Most applications of monitoring microalgae necessitate fast deployable and sensitive methods to assess cellular physiology, preferably at the scale of single cells. Vibrational spectroscopies, namely Fourier transform infrared (FT-IR) and Raman spectroscopy, have been proven to be valuable tools since they are label-free, nondestructive, and fast applicable. Infrared spectra contain spectral contributions of macromolecules, such as proteins, nucleic acids, carbohydrates, biosilica and lipids. A major concern of this method is the requirement to dry the sample, which might severely affect cellular physiology. Raman spectroscopy, on the other hand, can be applied in aqueous environments, and provides complementary information to FT-IR spectroscopy, because Raman spectra of microalgae are dominated by the photosynthetic pigments, e.g. chlorophyll a and carotenoids.

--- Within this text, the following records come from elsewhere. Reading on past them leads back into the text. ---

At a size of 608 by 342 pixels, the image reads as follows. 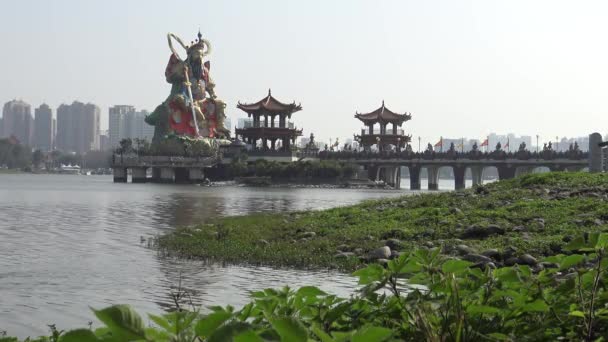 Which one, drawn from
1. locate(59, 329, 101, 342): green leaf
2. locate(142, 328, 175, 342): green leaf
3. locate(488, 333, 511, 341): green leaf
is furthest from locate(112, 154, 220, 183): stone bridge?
locate(59, 329, 101, 342): green leaf

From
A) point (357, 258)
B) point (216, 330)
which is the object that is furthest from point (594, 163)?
point (216, 330)

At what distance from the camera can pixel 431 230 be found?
1675 cm

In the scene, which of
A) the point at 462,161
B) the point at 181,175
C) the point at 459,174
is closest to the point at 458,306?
the point at 462,161

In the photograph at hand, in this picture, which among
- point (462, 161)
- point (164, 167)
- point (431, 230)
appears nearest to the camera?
point (431, 230)

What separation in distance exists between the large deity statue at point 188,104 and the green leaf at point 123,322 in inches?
4269

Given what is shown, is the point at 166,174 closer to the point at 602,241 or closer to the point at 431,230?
the point at 431,230

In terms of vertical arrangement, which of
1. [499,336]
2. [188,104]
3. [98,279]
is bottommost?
[98,279]

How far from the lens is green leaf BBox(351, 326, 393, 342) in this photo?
208 centimetres

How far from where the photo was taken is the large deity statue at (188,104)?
111125 millimetres

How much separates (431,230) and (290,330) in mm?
15029

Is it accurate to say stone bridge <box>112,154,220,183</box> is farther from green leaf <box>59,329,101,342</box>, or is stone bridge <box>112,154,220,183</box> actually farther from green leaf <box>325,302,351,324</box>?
green leaf <box>59,329,101,342</box>

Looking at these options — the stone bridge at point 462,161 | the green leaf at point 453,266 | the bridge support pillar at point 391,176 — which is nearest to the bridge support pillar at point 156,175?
the stone bridge at point 462,161

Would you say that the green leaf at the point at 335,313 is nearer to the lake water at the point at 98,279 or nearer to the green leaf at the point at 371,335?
the green leaf at the point at 371,335

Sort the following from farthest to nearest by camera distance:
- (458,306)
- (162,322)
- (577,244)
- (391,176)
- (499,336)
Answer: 1. (391,176)
2. (577,244)
3. (458,306)
4. (499,336)
5. (162,322) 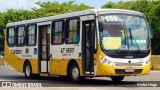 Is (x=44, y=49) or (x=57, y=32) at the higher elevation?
(x=57, y=32)

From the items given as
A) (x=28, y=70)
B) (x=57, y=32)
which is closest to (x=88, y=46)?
(x=57, y=32)

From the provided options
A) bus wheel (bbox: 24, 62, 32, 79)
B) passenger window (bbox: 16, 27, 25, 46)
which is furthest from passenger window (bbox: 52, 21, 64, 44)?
passenger window (bbox: 16, 27, 25, 46)

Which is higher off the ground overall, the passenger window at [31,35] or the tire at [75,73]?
the passenger window at [31,35]

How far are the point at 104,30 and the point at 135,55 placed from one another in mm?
1542

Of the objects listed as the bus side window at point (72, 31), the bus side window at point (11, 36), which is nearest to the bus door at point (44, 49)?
the bus side window at point (72, 31)

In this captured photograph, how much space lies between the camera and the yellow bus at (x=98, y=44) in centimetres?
1703

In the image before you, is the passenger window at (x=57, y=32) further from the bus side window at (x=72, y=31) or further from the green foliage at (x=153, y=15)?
the green foliage at (x=153, y=15)

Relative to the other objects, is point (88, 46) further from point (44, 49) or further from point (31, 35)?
point (31, 35)

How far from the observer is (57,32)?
795 inches

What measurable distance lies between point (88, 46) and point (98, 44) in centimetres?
89

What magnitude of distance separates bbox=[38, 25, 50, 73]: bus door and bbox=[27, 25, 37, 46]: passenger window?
65cm

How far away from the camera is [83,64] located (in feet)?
58.9

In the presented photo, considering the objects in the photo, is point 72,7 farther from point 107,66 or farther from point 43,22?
point 107,66

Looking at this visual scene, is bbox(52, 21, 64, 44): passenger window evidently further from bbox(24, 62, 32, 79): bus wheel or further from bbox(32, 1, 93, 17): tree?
bbox(32, 1, 93, 17): tree
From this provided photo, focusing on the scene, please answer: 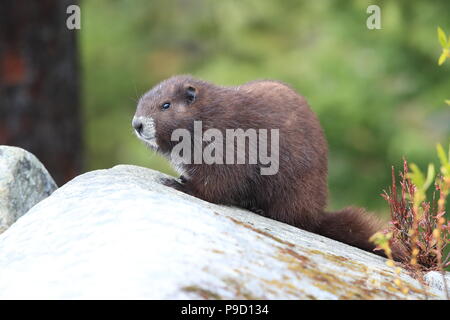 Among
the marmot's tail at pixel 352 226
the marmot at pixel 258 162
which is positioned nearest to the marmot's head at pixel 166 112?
the marmot at pixel 258 162

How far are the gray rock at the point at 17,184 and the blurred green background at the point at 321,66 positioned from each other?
144 centimetres

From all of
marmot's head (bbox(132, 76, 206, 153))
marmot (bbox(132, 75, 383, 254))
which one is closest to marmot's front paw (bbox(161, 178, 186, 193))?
marmot (bbox(132, 75, 383, 254))

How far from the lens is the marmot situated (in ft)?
15.4

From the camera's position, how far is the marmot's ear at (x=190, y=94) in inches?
192

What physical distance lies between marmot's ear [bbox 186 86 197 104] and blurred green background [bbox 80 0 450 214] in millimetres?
1339

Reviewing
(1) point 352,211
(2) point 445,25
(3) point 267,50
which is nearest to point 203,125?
(1) point 352,211

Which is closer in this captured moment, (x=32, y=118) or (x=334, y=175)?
(x=32, y=118)

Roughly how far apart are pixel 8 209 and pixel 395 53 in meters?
5.44

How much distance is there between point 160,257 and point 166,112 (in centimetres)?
197

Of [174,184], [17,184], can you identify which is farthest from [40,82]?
[174,184]

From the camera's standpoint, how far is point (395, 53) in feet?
27.9

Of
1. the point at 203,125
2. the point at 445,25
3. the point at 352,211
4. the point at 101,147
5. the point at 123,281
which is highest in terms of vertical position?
the point at 445,25

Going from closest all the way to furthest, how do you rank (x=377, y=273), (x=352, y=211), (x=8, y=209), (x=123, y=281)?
(x=123, y=281)
(x=377, y=273)
(x=8, y=209)
(x=352, y=211) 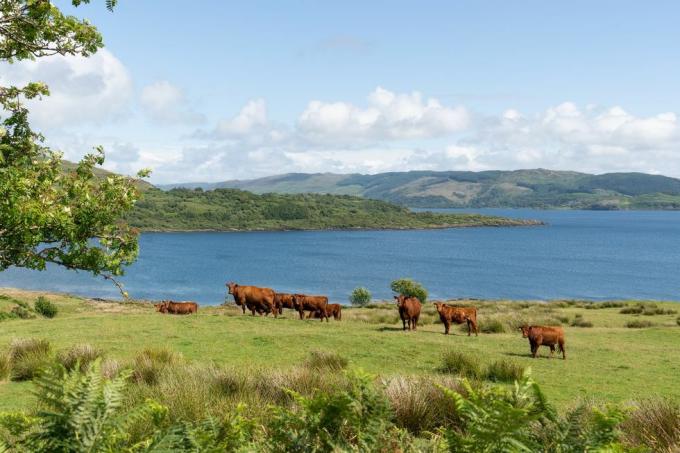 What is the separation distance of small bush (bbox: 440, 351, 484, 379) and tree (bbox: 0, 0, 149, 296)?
9078 millimetres

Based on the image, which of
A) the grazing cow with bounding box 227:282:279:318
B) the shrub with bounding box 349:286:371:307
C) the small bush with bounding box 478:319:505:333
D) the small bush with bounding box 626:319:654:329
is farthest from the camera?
the shrub with bounding box 349:286:371:307

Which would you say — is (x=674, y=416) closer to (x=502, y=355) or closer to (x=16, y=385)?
(x=502, y=355)

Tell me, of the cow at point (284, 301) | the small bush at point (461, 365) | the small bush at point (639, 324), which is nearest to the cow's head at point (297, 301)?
the cow at point (284, 301)

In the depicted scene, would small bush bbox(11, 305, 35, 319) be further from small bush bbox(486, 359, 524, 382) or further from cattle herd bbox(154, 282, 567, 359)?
small bush bbox(486, 359, 524, 382)

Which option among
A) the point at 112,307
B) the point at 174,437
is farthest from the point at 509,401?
the point at 112,307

In our current study we applied both spectroscopy methods to study chemical variations within individual cells of the diatom Ditylum brightwellii during the course of growth phases. Culture growth was monitored via cell counting and related spectral changes were examined employing partial least square (PLS) regression and linear discriminant analysis (LDA) classification. FT-IR models revealed a pronounced decrease of protein and carbohydrate content, a concurrent increase in cellular lipid level and constant biosilica content during culture growth. Interestingly, the highest nucleic acid content appeared in the stationary phase. Raman based models could easily identify cells in the exponential phase indicating highest chlorophyll a amount in that particular stage. Further cell proliferation was accompanied with distinct variances in the carotenoid pool. Comparison of model performances showed that Raman based models were more stable and more accurate than respective FT-IR based models. This leads us to conclude that Raman spectroscopy is a promising method for examining microalgal cell physiology.